From the line containing "Ceintures Accessoires Argent" through the last line of the records below, output every line exactly, both ends included, except the pictures.

Stored dataset items
════════

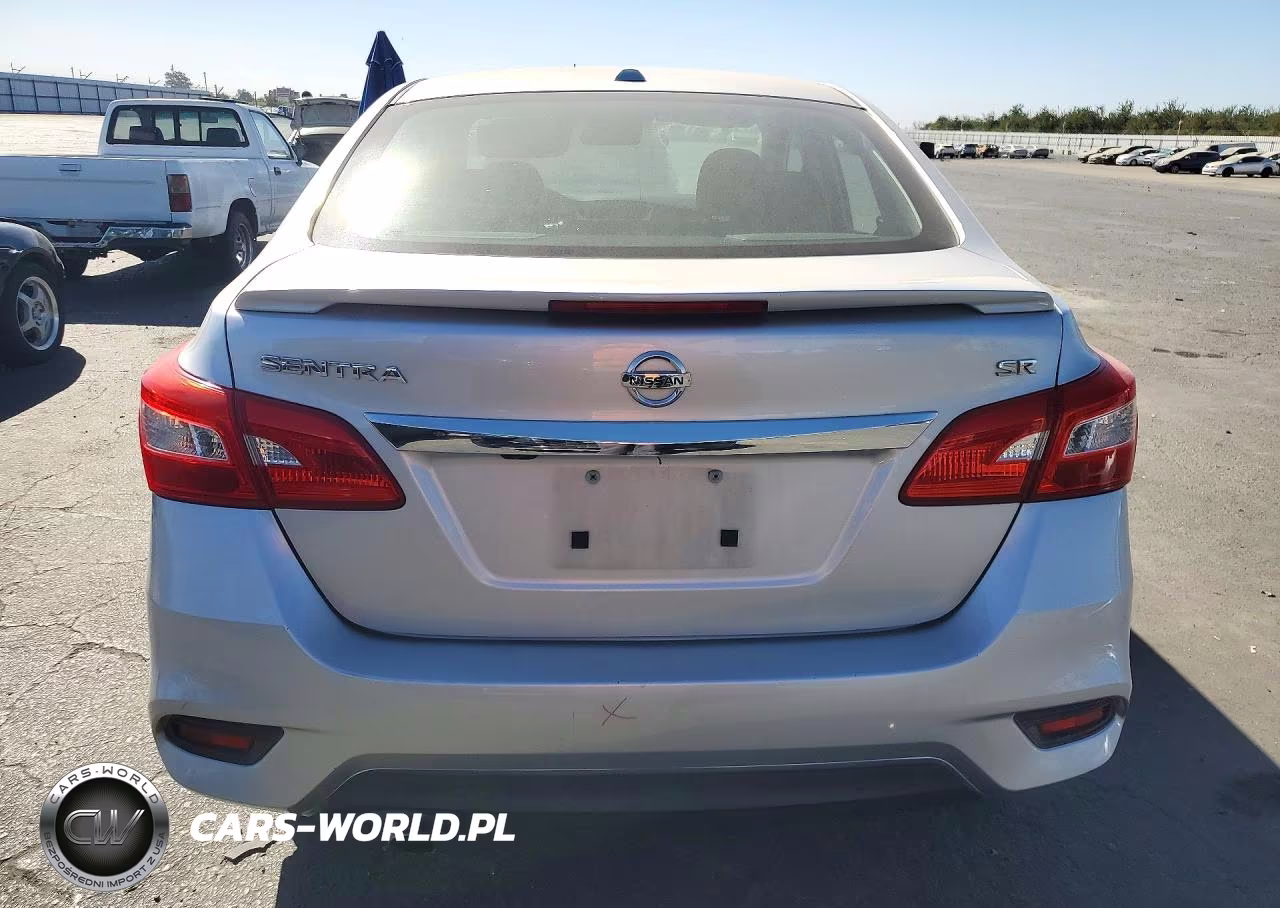 2016 Nissan Sentra Sr VIN:3N1AB7AP3GY265792 - 6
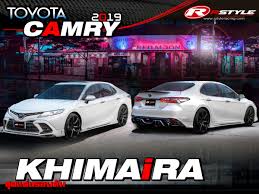 Published on:13 october 2020hello everyone,i'm jenner boyka.in this video is all about toyota camry 2019 xse new trd lip kit.part: Body Kit All New Camry Year 2019 Khimaira Style Rstyle Racing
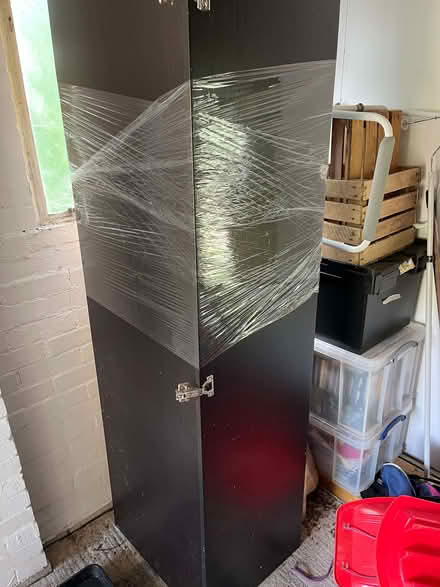Photo of free Tall thin wardrobe (Ikea) (Dean Court OX2) #2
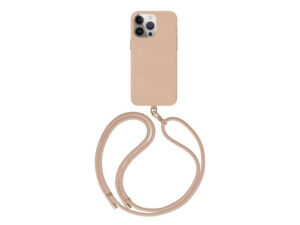 Uniq Coehl Muse Apple iPhone 15 Pro Magsafe kombatibilis tok, nude / bézs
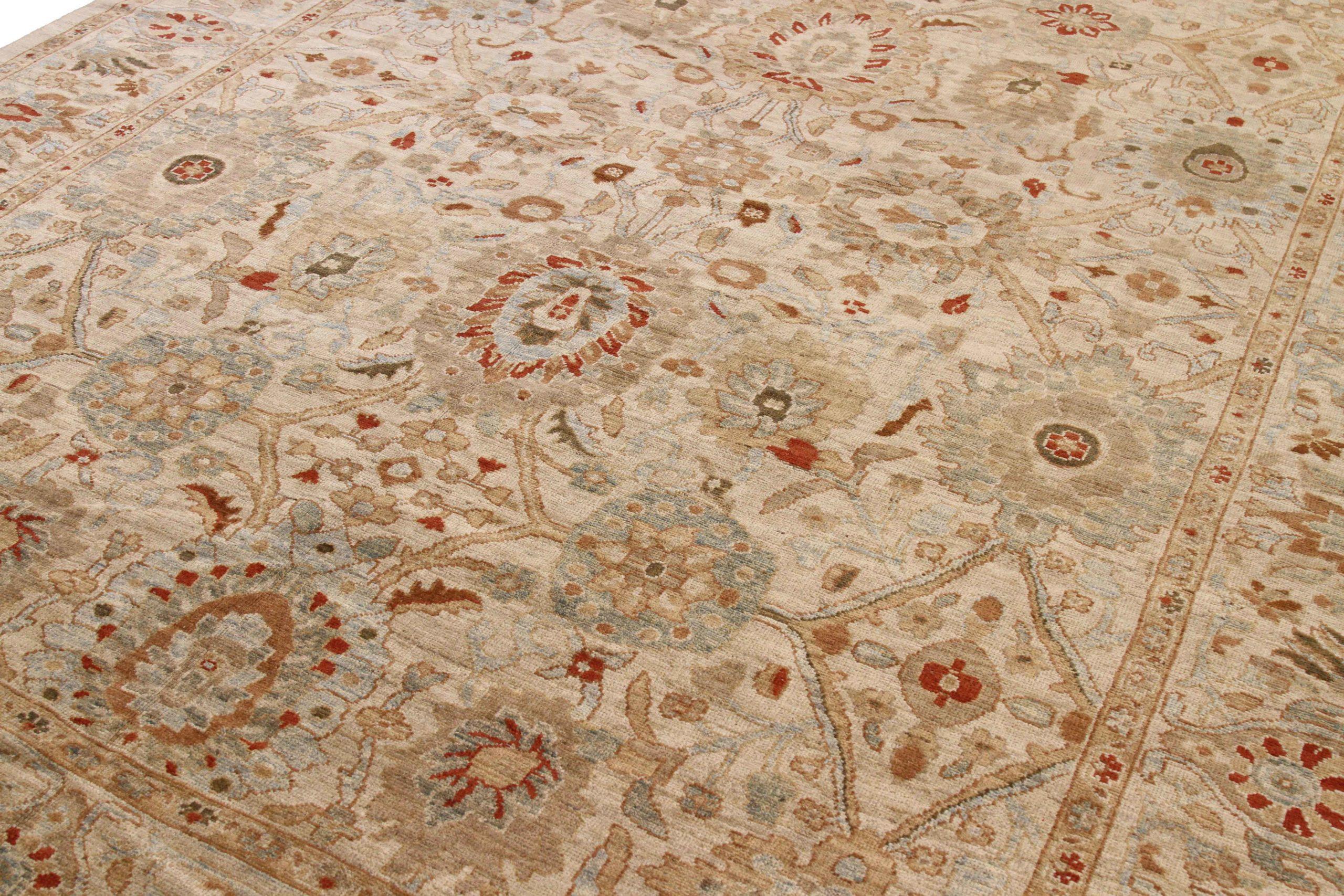 Asian Persian Sultanabad Area Rugs - 53204 For Sale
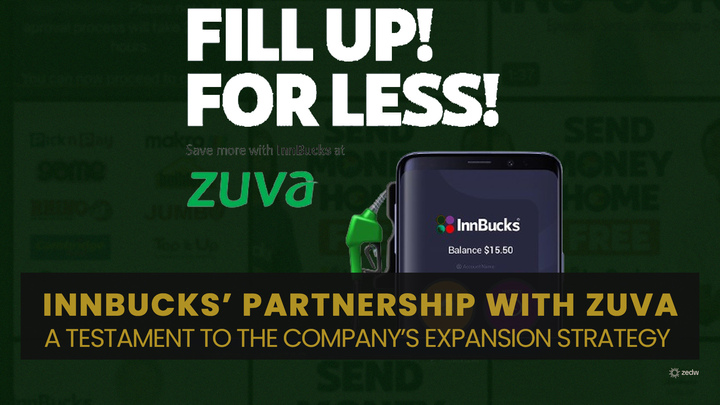 [Bitesized Insights] Consumers can now pay for their fuel at ZUVA service stations using Innbucks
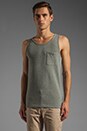 view 1 of 5 Andrew Tank in Heather Grey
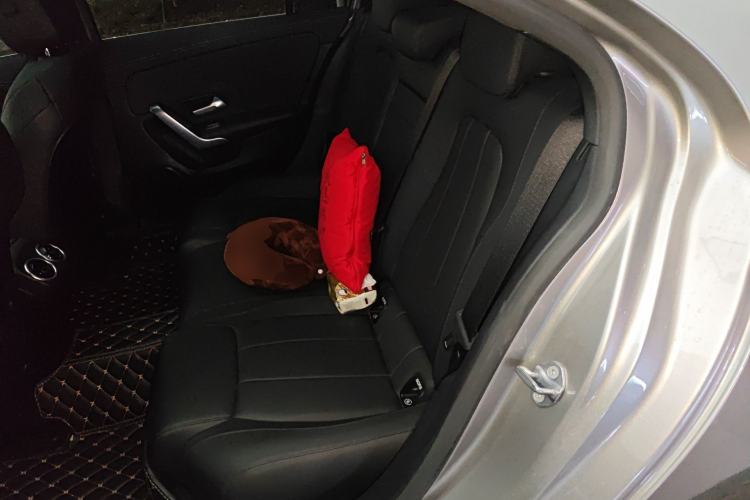 Used Mercedes-Benz A-Class 2021 A 200 L Sport Sedan Dynamic Model Left Rear Seat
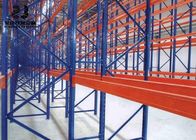 Double Deep  Power Coated Corrosion Protection Heavy Duty Pallet Stacking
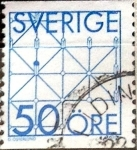Stamps Sweden -  Intercambio 0,20 usd 50 o. 1985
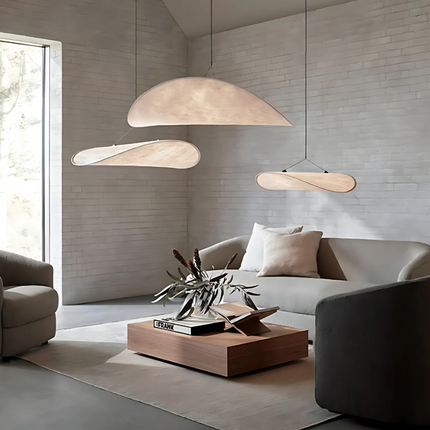 ZenLume | Modern Chandelier Light with Elegant Japandi Design | Soothing Ambiance for Dining Rooms 6
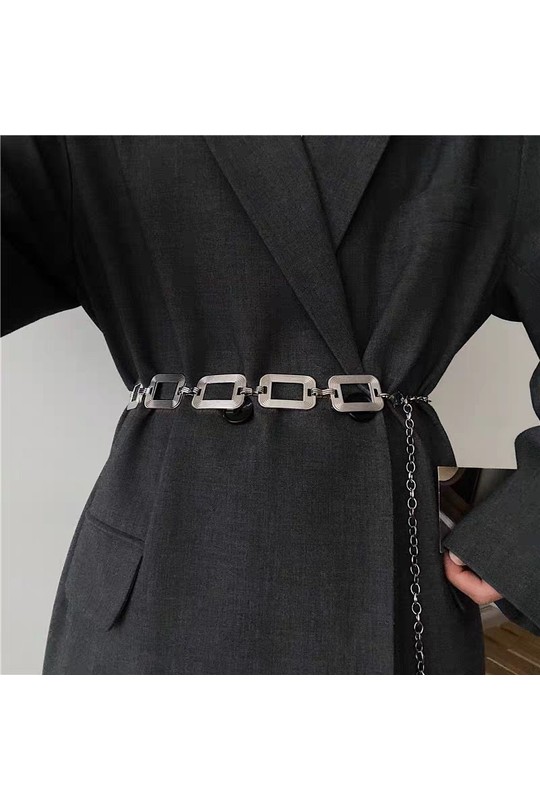 Ceintures Accessoires Argent PRESTILA TM017 Efashion Paris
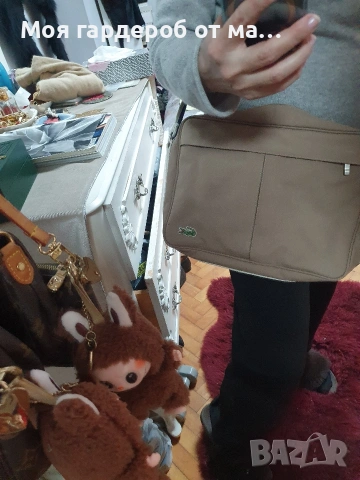 Чанта Lacoste през рамо , снимка 4 - Чанти - 53889621
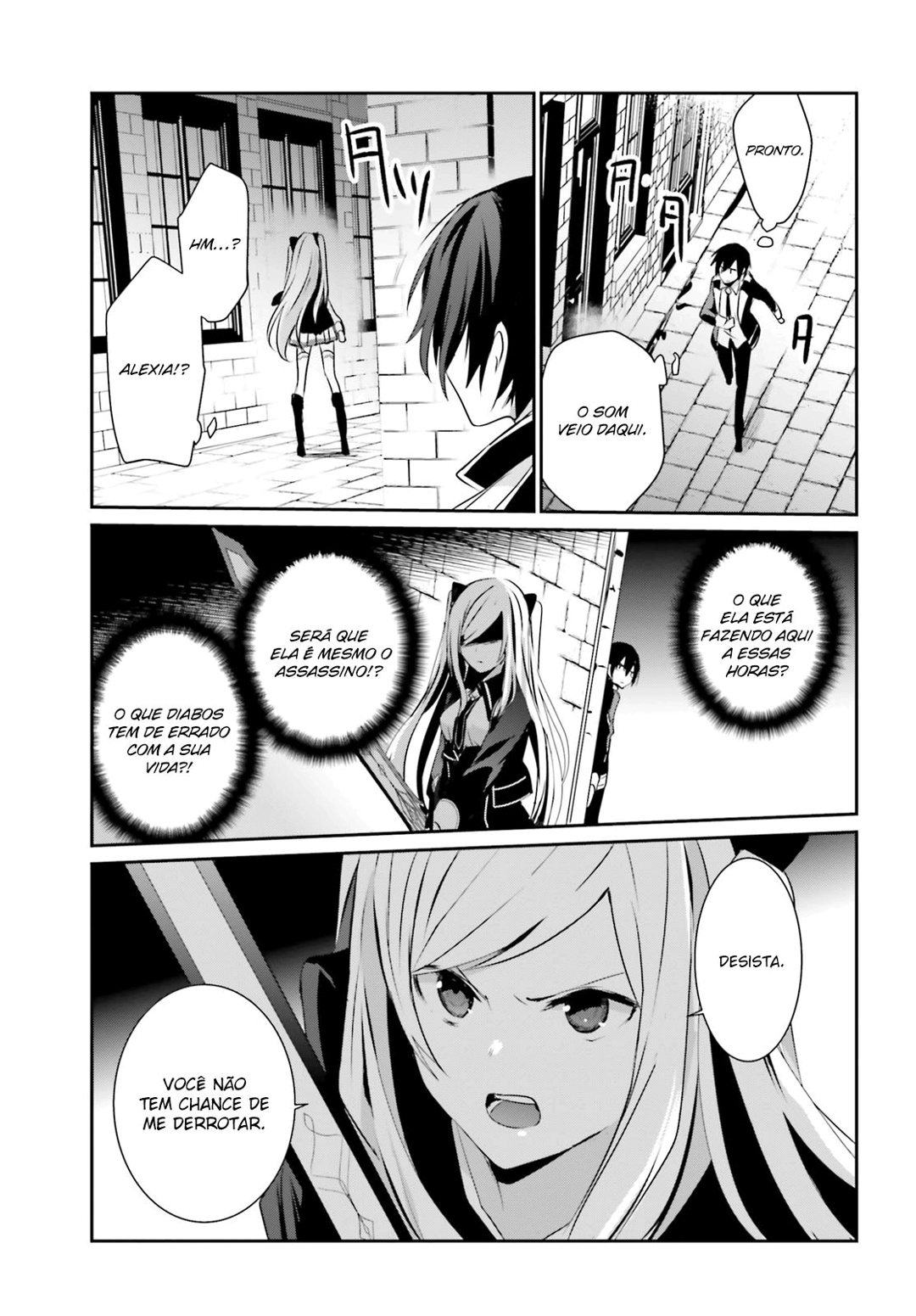Read The Eminence in Shadow PT Manga Online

════════

**ANSWER SECTION:**
 Ceintures Accessoires Argent PRESTILA TM017 Efashion Paris
 Чанта Lacoste през рамо , снимка 4 - Чанти - 53889621
Read The Eminence in Shadow PT Manga Online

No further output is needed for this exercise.